## What the task requires
Write out the listing below without alteration, omitting its pictures.

○ ○ ○ ○

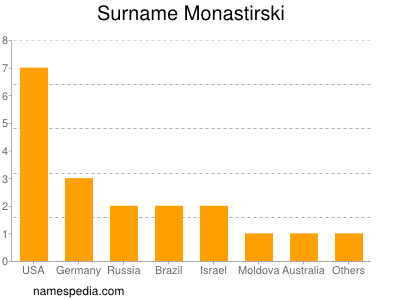 Surname Monastirski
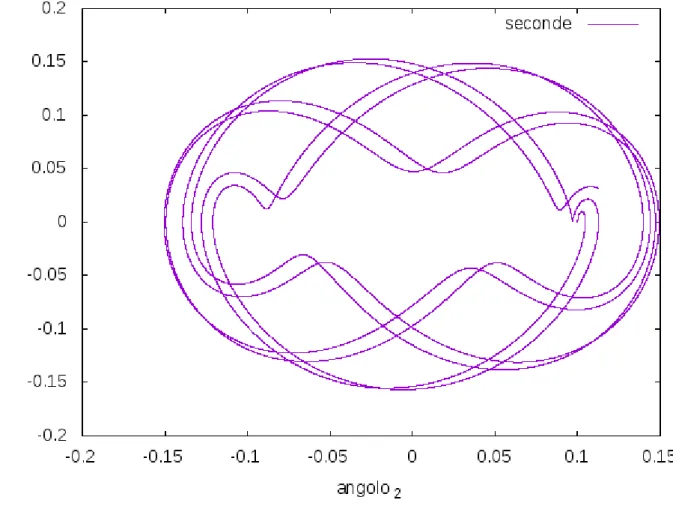 Figura 1.16: spazio delle fasi di θ 2 e ˙θ 2 relativo alle condizioni iniziali θ 1 = 0.1, θ 2 =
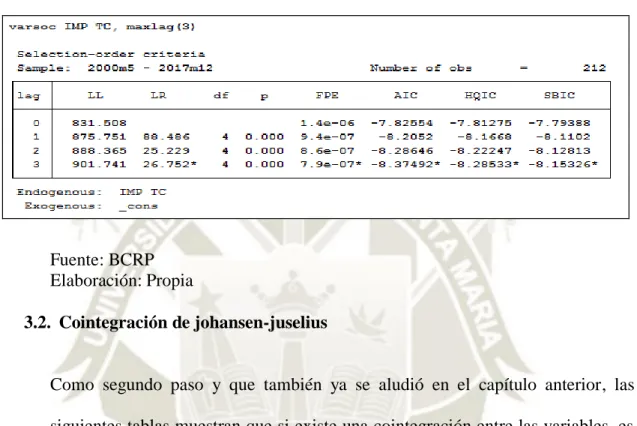 Tabla 3: Elección de rezagos imp-tc 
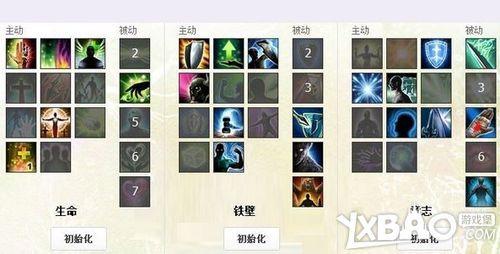 dota2光之守卫天赋点哪一个？（上古世纪光之守卫武器）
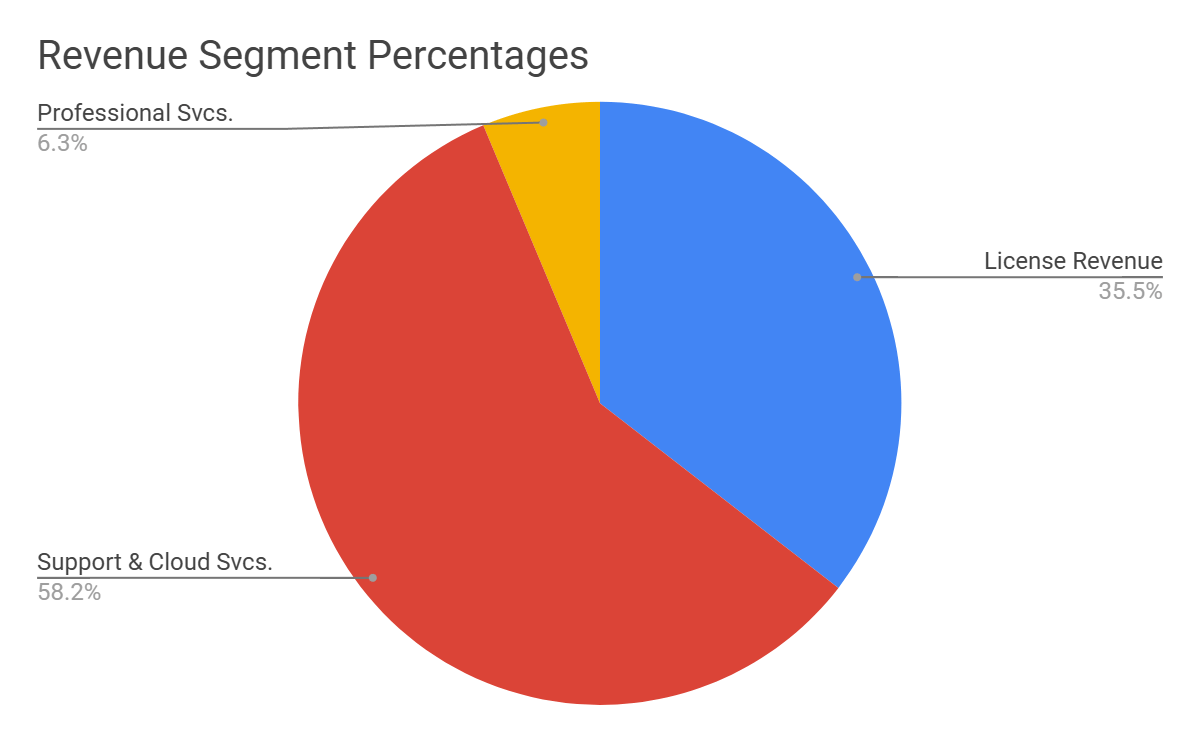 Revenue Segment Percentages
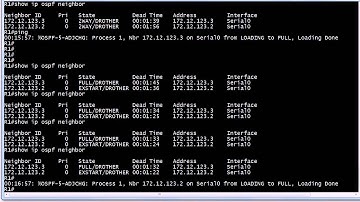 CCNA Video Practice Exam: OSPF Network Types And Commands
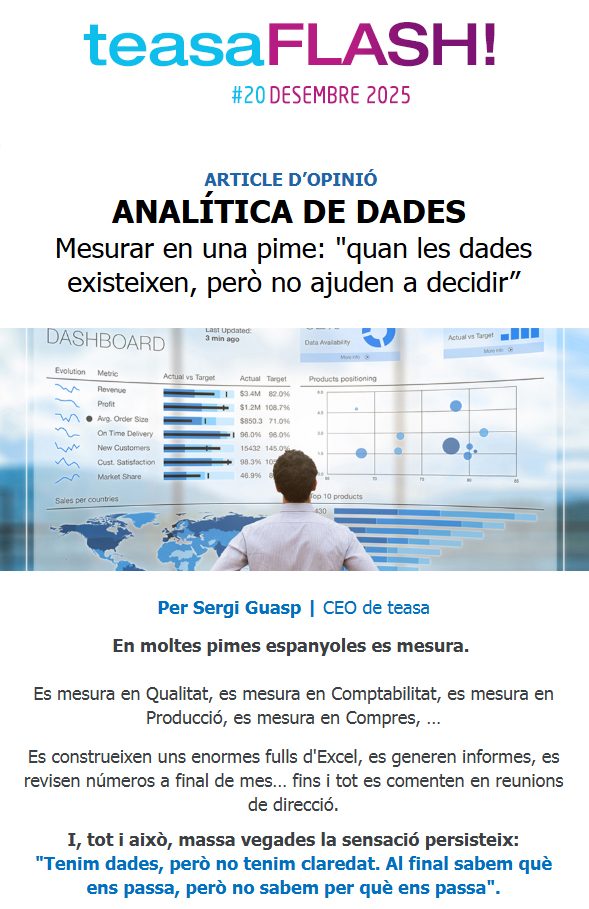 teasaFLASH_20_DEC_2025_cat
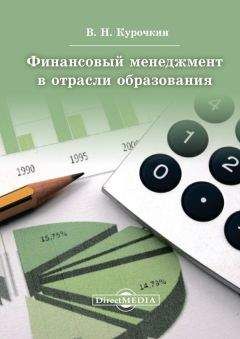 Валентин Курочкин - Финансовый менеджмент в отрасли образования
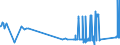 CN 74050000 /Exports /Unit = Prices (Euro/ton) /Partner: Estonia /Reporter: Eur27_2020 /74050000:Master Alloys of Copper (Excl. Phosphorus-copper Compounds `copper Phosphide` Containing by Weight > 15% Phosphorus)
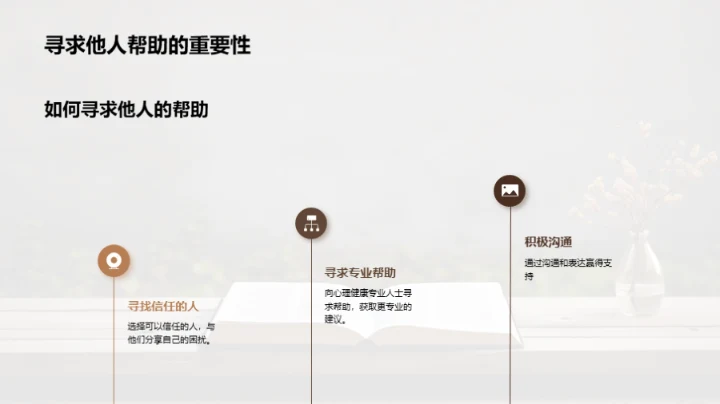 心理健康与全面发展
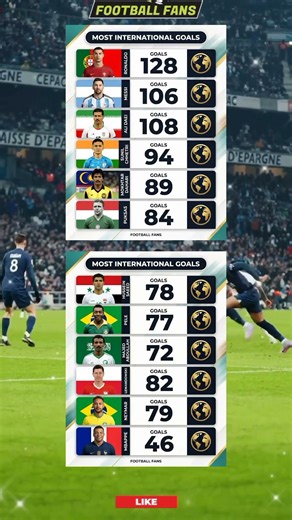 Fierce Rivalry Between Ronaldo And Messi In International Goal History...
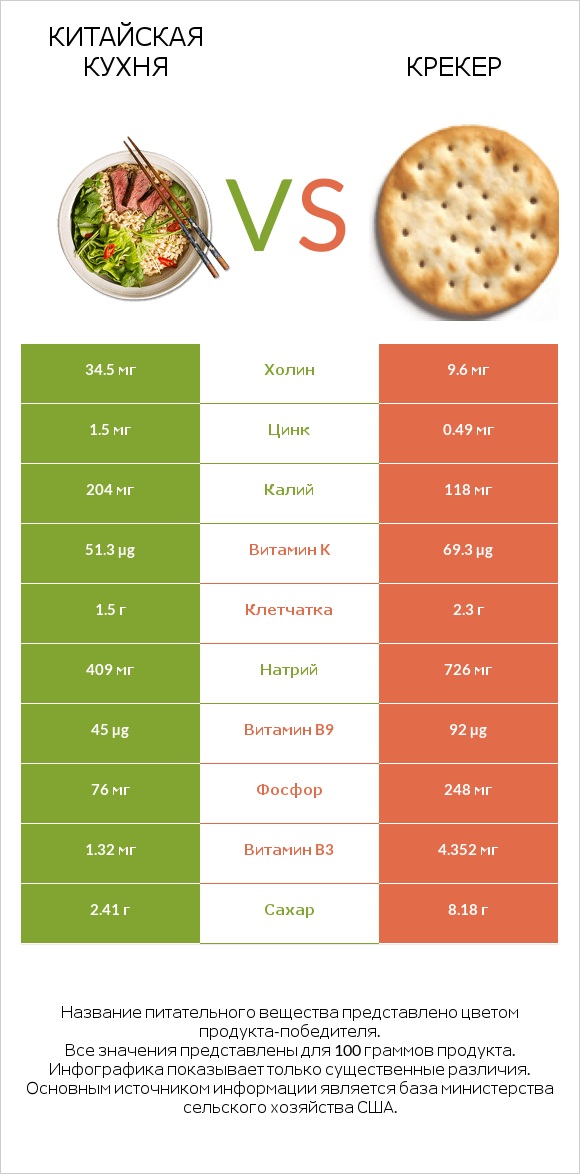 Китайская кухня vs Крекер infographic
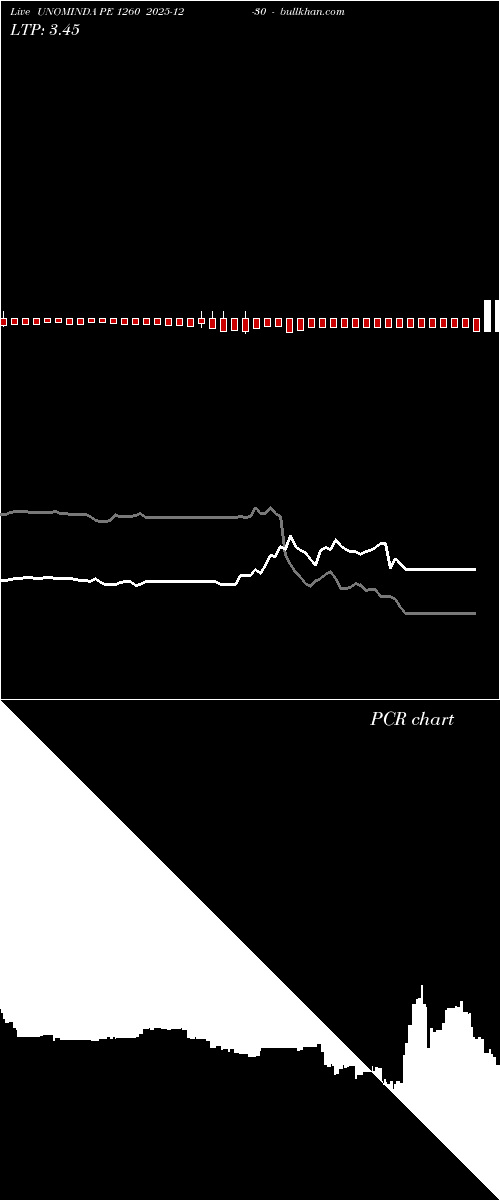  option chart UNOMINDA PE 1260 2025-12-30 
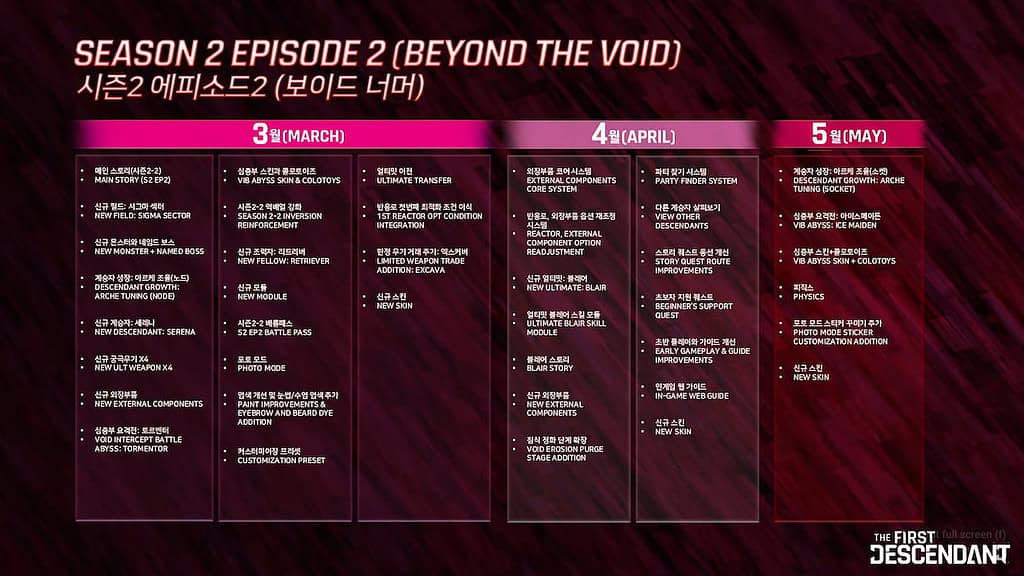 The First Descendant the Roadmap for Season 2 Episode 2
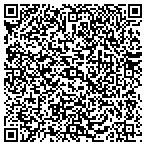 QR code with All Time Fast Service Garage Door contacts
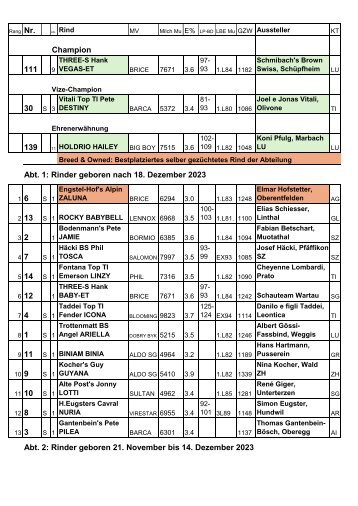 Rangliste GP 2024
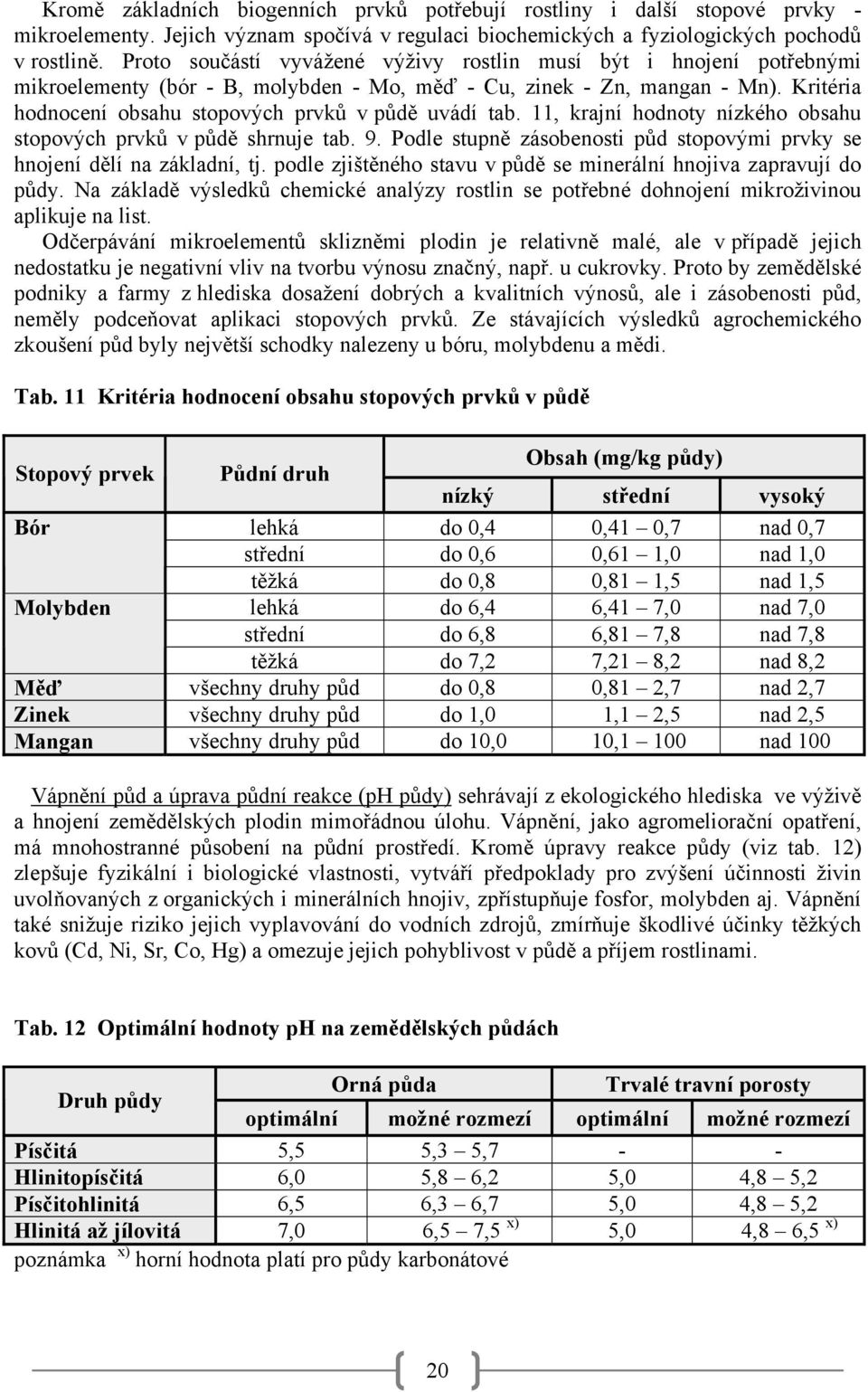 Kritéria hodnocení obsahu stopových prvků v půdě uvádí tab. 11, krajní hodnoty nízkého obsahu stopových prvků v půdě shrnuje tab. 9.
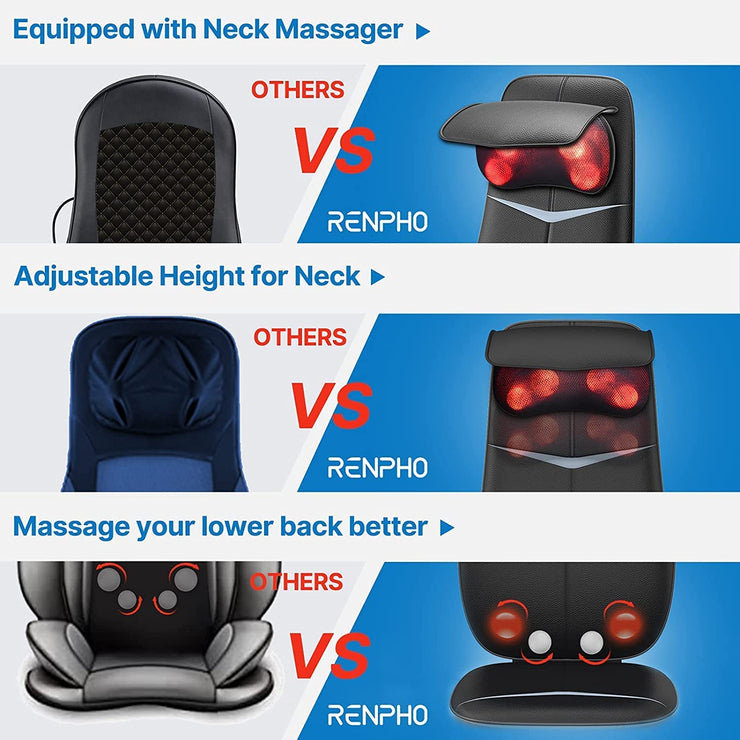 Massage Chair Pad Massager Renpho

○ ○ ○ ○

## Task response
 Surname Monastirski
 Figura 1.16: spazio delle fasi di θ 2 e ˙θ 2 relativo alle condizioni iniziali θ 1 = 0.1, θ 2 =
 Tabla 3: Elección de rezagos imp-tc 
 dota2光之守卫天赋点哪一个？（上古世纪光之守卫武器）
 Revenue Segment Percentages
 CCNA Video Practice Exam: OSPF Network Types And Commands
 teasaFLASH_20_DEC_2025_cat
 Валентин Курочкин - Финансовый менеджмент в отрасли образования
 CN 74050000 /Exports /Unit = Prices (Euro/ton) /Partner: Estonia /Reporter: Eur27_2020 /74050000:Master Alloys of Copper (Excl. Phosphorus-copper Compounds `copper Phosphide` Containing by Weight > 15% Phosphorus)
 心理健康与全面发展
 Fierce Rivalry Between Ronaldo And Messi In International Goal History...
 Китайская кухня vs Крекер infographic
  option chart UNOMINDA PE 1260 2025-12-30 
 The First Descendant the Roadmap for Season 2 Episode 2
 QR code with All Time Fast Service Garage Door contacts
 Rangliste GP 2024
 Kritéria hodnocení obsahu stopových prvků v půdě uvádí tab. 11, krajní hodnoty nízkého obsahu stopových prvků v půdě shrnuje tab. 9.
 Massage Chair Pad Massager Renpho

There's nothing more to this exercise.